Dividend Kings are S&P 500 components that have paid and raised their dividends for at least 50 consecutive years. So naturally, investors gravitate toward these stable stalwarts during times of heightened volatility, economic uncertainty, and recession fears.
In general, a company that has a track record for increasing its dividend has plenty of extra earnings and free cash flow to support that growing expense. And for that reason, these companies tend to take market share during downturns and do well during bear markets -- as investors saw with the 2022 outperformance of Emerson Electric(NYSE: EMR) and Illinois Tool Works(NYSE: ITW). However, even Dividend Kings can falter -- as was the case with Stanley Black & Decker's (NYSE: SWK) 60% decline in 2022.
Here's the case for buying Emerson Electric and Illinois Tool Works even though both companies are near their all-time highs, as well as the case for buying Stanley Black & Decker near its eight-year low.
Emerson Electric stock deserves a valuation rerating
Lee Samaha(Emerson Electric): There's no point ignoring the elephant in the room. The industrial economy is slowing, and companies like Emerson Electric will see it in their orders in 2023. Still, much of the bad news is already priced into a stock market that declined heavily last year.
Moreover, Emerson has upside potential from its slow transition toward becoming a pure-play automation company in line with management's aims. The transition has involved divesting several noncore businesses, such as InSinkErator, and more recently, the agreement to sell the majority of its climate technologies to private equity funds managed by Blackstone.
Given that its automation peer Rockwell Automation commands a hefty valuation premium, it's reasonable to expect Emerson's stock to close the valuation gap. In addition, Emerson's investments in the complementary field of industrial software make sense -- it owns 55% of industrial software company Aspen Technology. Finally, it sets Emerson up to be a leader in process automation (technology to process raw materials) -- an excellent market, given the ongoing strength in energy prices.
As such, Emerson stands relatively well placed to deal with some uncertain conditions in the industrial sector in 2023.
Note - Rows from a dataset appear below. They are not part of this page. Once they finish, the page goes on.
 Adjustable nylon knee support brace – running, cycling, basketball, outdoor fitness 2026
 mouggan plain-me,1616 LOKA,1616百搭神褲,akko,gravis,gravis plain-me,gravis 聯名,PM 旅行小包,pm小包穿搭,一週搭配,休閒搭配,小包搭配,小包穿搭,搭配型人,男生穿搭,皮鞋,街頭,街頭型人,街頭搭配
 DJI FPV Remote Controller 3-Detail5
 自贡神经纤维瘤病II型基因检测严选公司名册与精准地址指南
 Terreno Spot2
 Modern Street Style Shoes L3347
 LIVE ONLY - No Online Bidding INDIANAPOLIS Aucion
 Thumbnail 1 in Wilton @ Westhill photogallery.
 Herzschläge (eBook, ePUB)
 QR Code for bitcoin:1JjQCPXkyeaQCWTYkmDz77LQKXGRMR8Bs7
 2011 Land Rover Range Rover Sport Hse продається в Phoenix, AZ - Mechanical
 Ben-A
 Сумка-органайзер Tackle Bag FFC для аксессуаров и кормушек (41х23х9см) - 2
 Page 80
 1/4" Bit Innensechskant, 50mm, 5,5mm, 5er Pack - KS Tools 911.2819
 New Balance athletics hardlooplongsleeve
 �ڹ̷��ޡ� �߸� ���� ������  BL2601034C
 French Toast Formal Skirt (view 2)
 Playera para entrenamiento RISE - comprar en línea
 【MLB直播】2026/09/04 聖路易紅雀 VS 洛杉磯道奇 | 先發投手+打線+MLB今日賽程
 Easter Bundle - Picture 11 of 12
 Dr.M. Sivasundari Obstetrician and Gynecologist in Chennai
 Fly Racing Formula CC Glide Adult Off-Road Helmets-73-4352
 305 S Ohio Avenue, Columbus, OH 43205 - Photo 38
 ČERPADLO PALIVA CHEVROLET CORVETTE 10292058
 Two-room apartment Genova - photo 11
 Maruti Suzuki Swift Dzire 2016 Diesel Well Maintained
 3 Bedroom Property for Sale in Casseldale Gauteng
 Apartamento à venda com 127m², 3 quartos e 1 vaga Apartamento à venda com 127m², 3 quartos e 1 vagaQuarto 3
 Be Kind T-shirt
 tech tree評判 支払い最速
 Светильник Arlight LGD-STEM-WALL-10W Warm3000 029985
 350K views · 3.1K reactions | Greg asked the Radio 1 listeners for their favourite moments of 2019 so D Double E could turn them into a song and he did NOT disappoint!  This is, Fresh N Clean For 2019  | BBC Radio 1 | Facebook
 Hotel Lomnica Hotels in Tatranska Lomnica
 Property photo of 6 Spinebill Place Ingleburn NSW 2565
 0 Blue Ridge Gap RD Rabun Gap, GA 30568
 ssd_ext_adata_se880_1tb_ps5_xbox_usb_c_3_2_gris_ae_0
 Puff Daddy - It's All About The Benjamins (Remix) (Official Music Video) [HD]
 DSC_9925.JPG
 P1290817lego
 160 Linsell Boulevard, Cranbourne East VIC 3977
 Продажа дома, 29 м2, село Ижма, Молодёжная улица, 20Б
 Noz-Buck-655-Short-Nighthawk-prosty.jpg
Stanley Black & Decker stock has fallen far enough
Daniel Foelber (Stanley Black & Decker): While you're likely familiar with the Stanley Black & Decker brand, you may not know the stock is also a Dividend King. Stanley Black & Decker has achieved an impressive 55 consecutive years of dividend increases. But the company has been around for 180 years -- making it one of the oldest companies that is also a Dividend King.
Unfortunately, that track record does little to influence future stock performance. And Stanley Black & Decker was walloped by broader macroeconomic factors in 2022 that took a sledgehammer to its profitability by pushing operating expenses to new heights.
Since the stock fell over 60% in 2022, it certainly seems like a lot of the negative headwinds are already baked into its valuation.
Even if the company just gets back to its pre-pandemic annual net income of around $1 billion, that would bring its price-to-earnings ratio down below 13.
But if the company is able to return to normal growth during an improving economy, successful implementation of cost cuts, and a restructuring -- then its profits could very well chart a path toward steady growth and an even cheaper valuation.
All told, Stanley Black & Decker stock looks inexpensive even during a pessimistic base case and really cheap if you assume some growth for the business. Dividend Kings don't usually suffer this severe of drawdowns. When looking at Stanley Black & Decker and the stock's 3.8% dividend yield, the opportunity looks too good to pass up.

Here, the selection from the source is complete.